Outblaze
- Company type: Private
- Industry: Mobile game & Mobile application development
- Founded: Hong Kong (1998)
- Headquarters: Hong Kong
- Key people: Yat Siu, CEO Yusuf Goolamabbas, CTO Rita Kong, CFO
- Products: Apps and games including Pretty Pet Salon
- Website: www.outblaze.com

= Outblaze =

Outblaze is a technology company that develops and provides digital media products and services including smartphone games and other apps, social media applications, computer and video games, online transaction systems, and web communication software. Although it started out as an application service provider of hosted Web applications, the company gradually transitioned to the video game industry. In 2009 Outblaze sold its messaging business unit in order to focus primarily on digital entertainment.

== History ==
Outblaze was founded in 1998 in Hong Kong and received considerable media attention around the time of the dot-com bubble. At the peak of its activity in the messaging sector, Outblaze was reported to provide services to over 75 million users around the world, with 40 million email accounts operated by Outblaze plus at least 35 million protected by Outblaze's anti-spam solution. In 2009 Outblaze sold its messaging assets to IBM, which incorporated them in LotusLive. Since then Outblaze has focused its attention on video and online gaming, smartphone apps, and social network applications.

== Products ==

Outblaze's various smartphone game apps have been downloaded about 30 million times for iOS and Android devices as of September 2011.

== Advocacy ==
Outblaze has engaged in a number of policy discussions, primarily via consultation and position papers authored by Outblaze executives.

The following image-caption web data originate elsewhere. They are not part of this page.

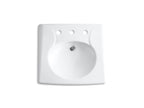 KOHLER K-1997-8N-0 Brenham Wall-Mount Or Concealed Carrier Arm Mount Commercial Bathroom Sink With Widespread Faucet Holes And No Overflow - White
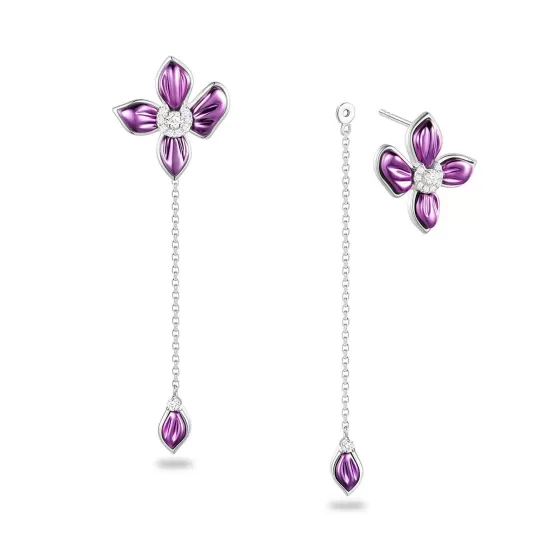 Purple Gold Floral Dangle Earrings^Lee Hwa Jewellery Outlet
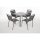 Bolero Bistrotisch quadratisch und klappbar aus grauem Stahl 700x700x710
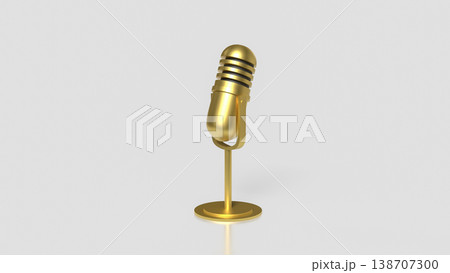 Golden Vintage Microphone Isolated On Minimal Background For Audio Concept 3d render. 138707300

In 2004 the Organisation for Economic Co-operation and Development (OECD) asked Outblaze Head of Anti-Spam Operations Suresh Ramasubramanian to assist the OECD task force on spam. The result was the 25 May 2005 report Spam Issues in Developing Countries, which alerted governments and organizations to the specific dangers that spam poses to countries with underdeveloped Internet infrastructure. Suresh has further written a paper on botnet mitigation for the ITU.

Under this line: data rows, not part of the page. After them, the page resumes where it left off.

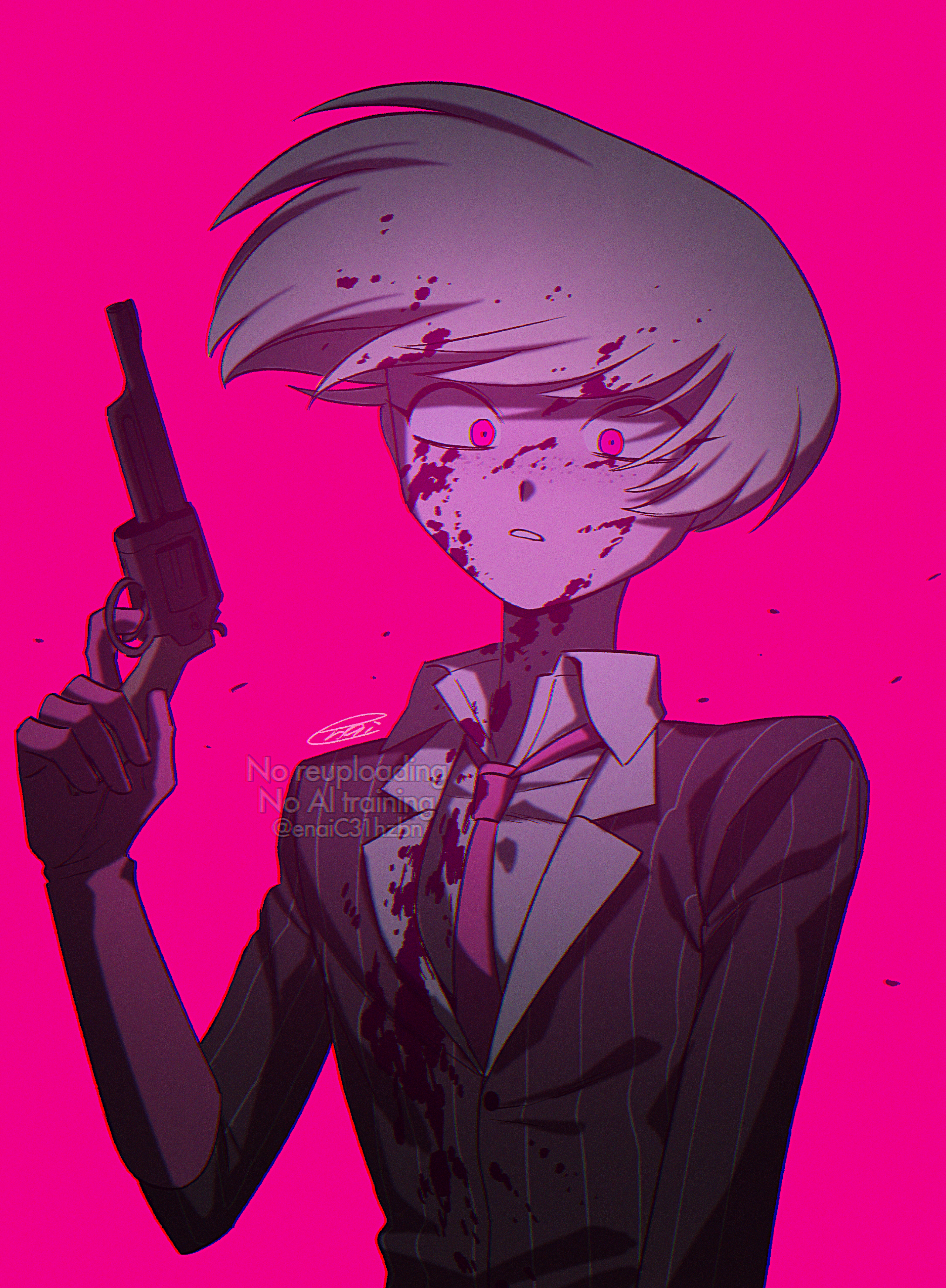 menma (enaic31), angel dust, hazbin hotel, hellaverse, absurdres, commentary request, highres, 1boy, arm at side, black jacket, blood, blood in hair, blood on clothes, blood on face, chromatic aberration, collared shirt, downturned eyes, film grain, finger on trigger, gun, hand up, holding, holding gun, holding weapon, humanization, jacket, lapels, looking at viewer, male focus, necktie, notched lapels, parted lips, pink background, pink eyes, pink necktie, pink theme, pinstripe jacket, pinstripe pattern, shirt, short hair, signature, solo, three-quarter sleeves, upper body, watermark, weapon, white hair, white shirt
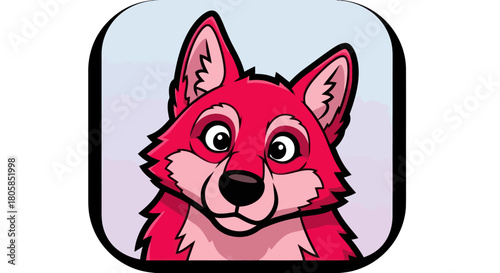 Vibrant pink cartoon fox with expressive eyes looking forward.
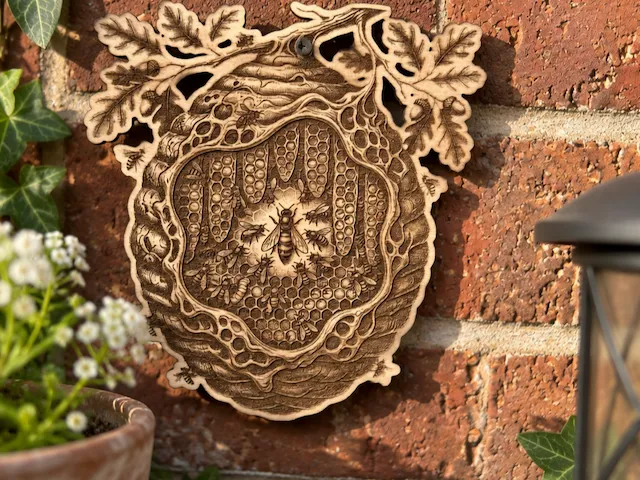 Beehive and Honeycomb Wall Hanging with Oak Leaves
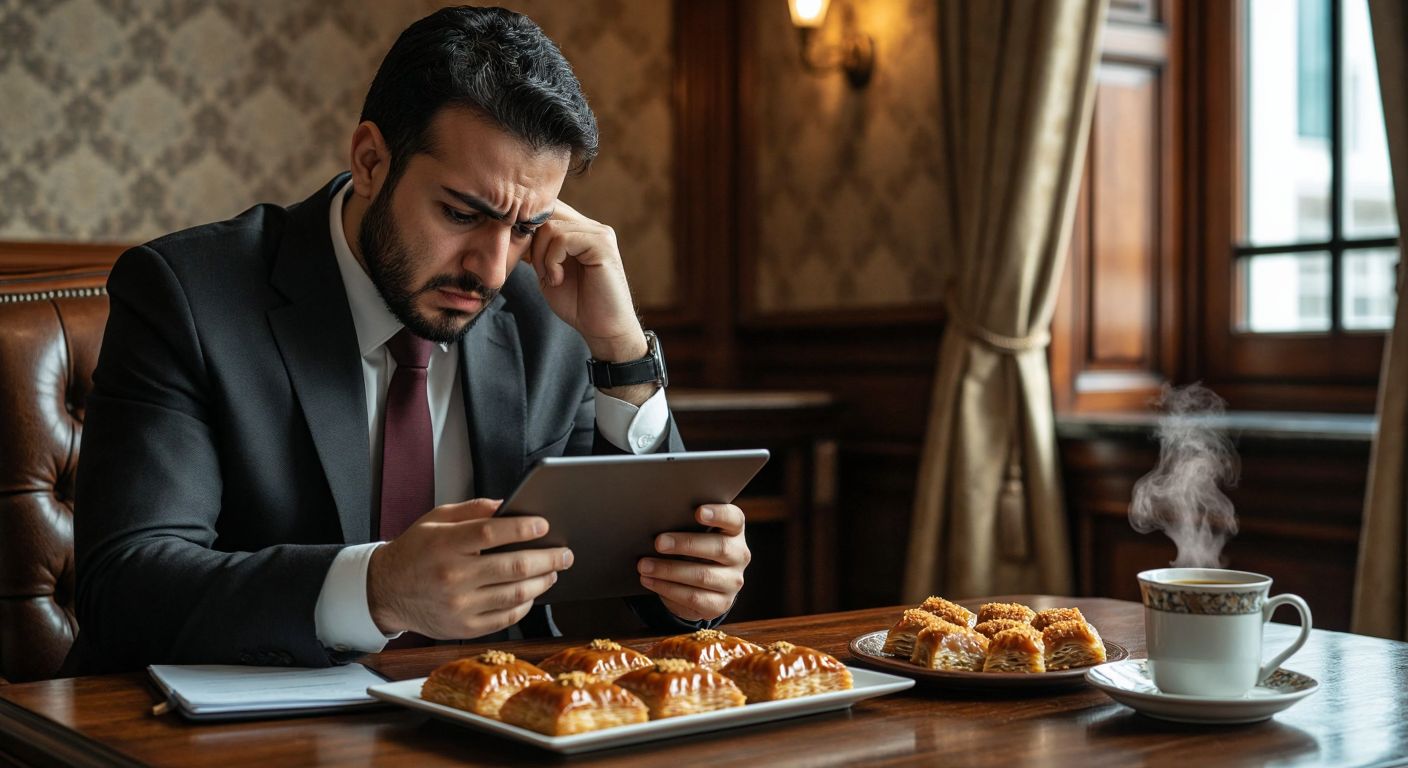 A Turkish businessman in a crisp suit frowns at a downward-trending stock graph on a tablet, while a plate of baklava and a steaming cup of Turkish coffee sit untouched on a wooden desk.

The Office of the Telecom Authority (OFTA) of Hong Kong put out a consultation paper in June 2004 requesting comments on Proposals to contain the problem of unsolicited electronic messages. The Outblaze response encouraged the government to adopt a range of measures to effectively combat spam, among them: opt-in standards, prompt removal of spammers and hacked or insecure systems, adoption of authenticated email schemes, unequivocal anti-spam legislation, rapid response times at ISPs, and diffusion of better email marketing management techniques. The response was approved and endorsed by the Asia-Pacific chapter of the Coalition Against Unsolicited Commercial Email (CAUCE).